## Exercise data

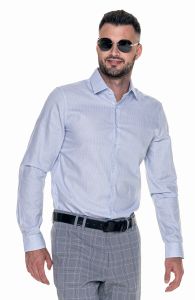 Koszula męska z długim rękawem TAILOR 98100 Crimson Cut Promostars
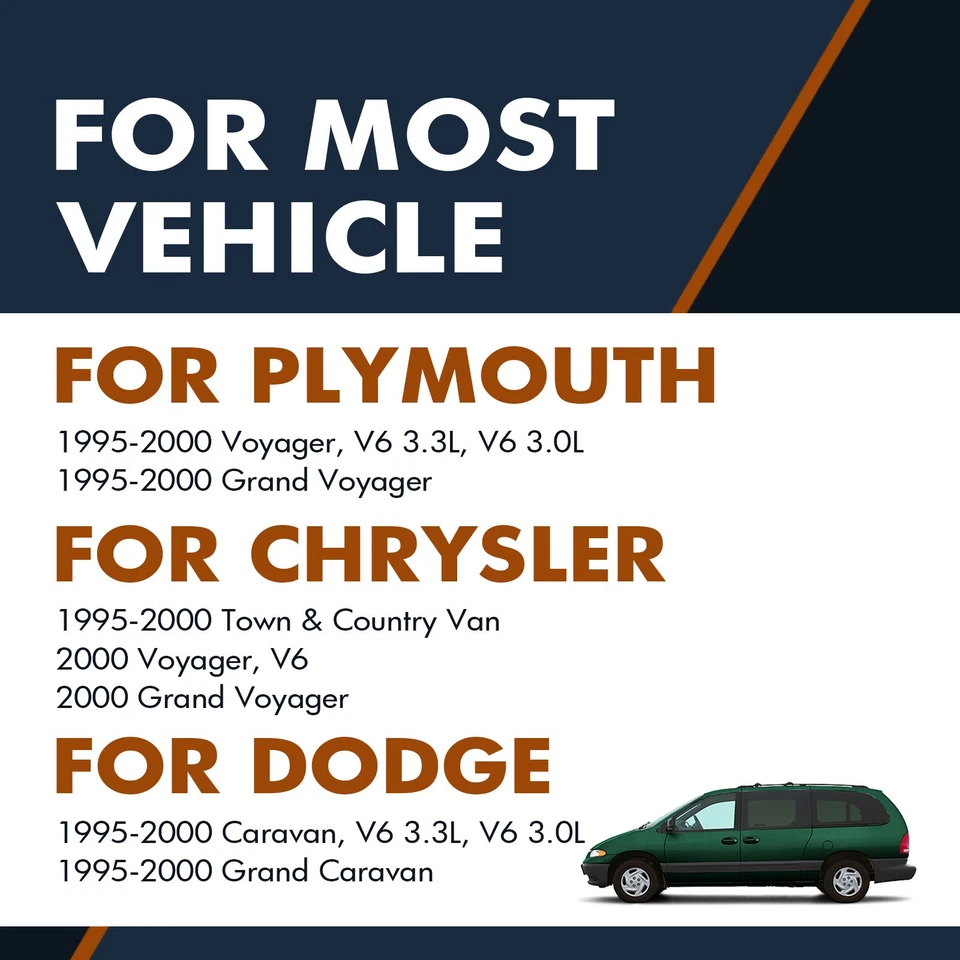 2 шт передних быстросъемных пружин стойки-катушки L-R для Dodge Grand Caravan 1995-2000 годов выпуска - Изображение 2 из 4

...

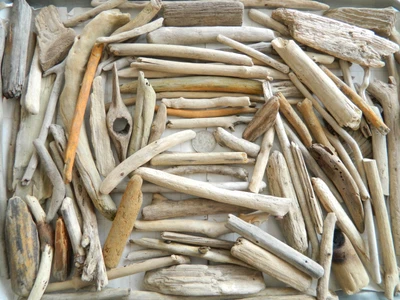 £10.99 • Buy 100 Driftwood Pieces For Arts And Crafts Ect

## Aim of the exercise
Having found the line with "Koszula męska z" and the line with "2 шт передних" in the material above, write out exactly those two and every line between, leaving the pictures out.

## Solved problem
 Koszula męska z długim rękawem TAILOR 98100 Crimson Cut Promostars
 2 шт передних быстросъемных пружин стойки-катушки L-R для Dodge Grand Caravan 1995-2000 годов выпуска - Изображение 2 из 4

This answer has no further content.